◆ Exercise brief
Images are not part of the copy; write out the rest of the data exactly as given.

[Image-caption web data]
☆ ☆ ☆ ☆ ☆ ☆ ☆

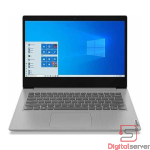 LAPTOP LENOVO INTEL I3 10GEN 2.1GHZ DISPLAY 14 LCD 8GB RAM SSD 256GB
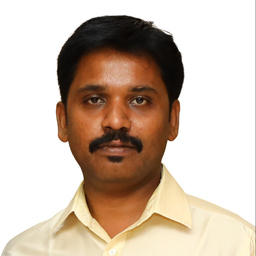 Sathish Ranganathan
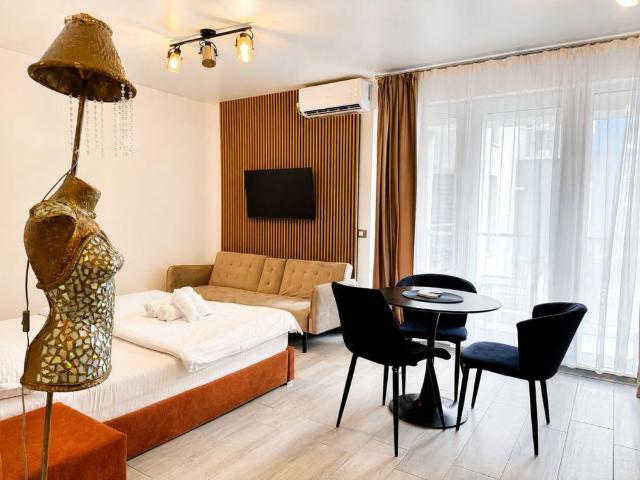 Apartament închirieri în Navodari, Caraş-severin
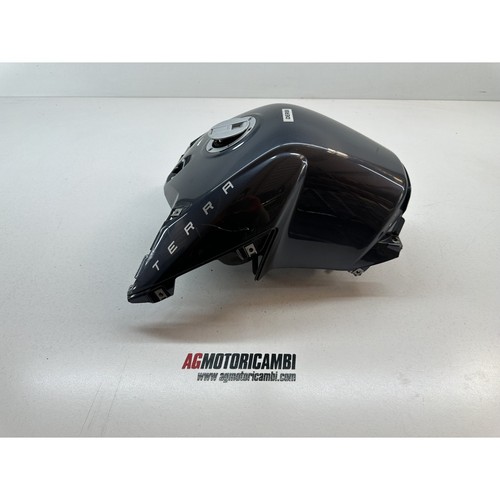 Réservoir derbi terra 125 - derbi,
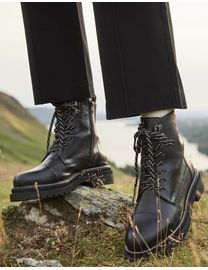 Joules westminster boots best sale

☆ ☆ ☆ ☆ ☆ ☆ ☆

◆ Written answer
 LAPTOP LENOVO INTEL I3 10GEN 2.1GHZ DISPLAY 14 LCD 8GB RAM SSD 256GB
 Sathish Ranganathan
 Apartament închirieri în Navodari, Caraş-severin
 Réservoir derbi terra 125 - derbi,
 Joules westminster boots best sale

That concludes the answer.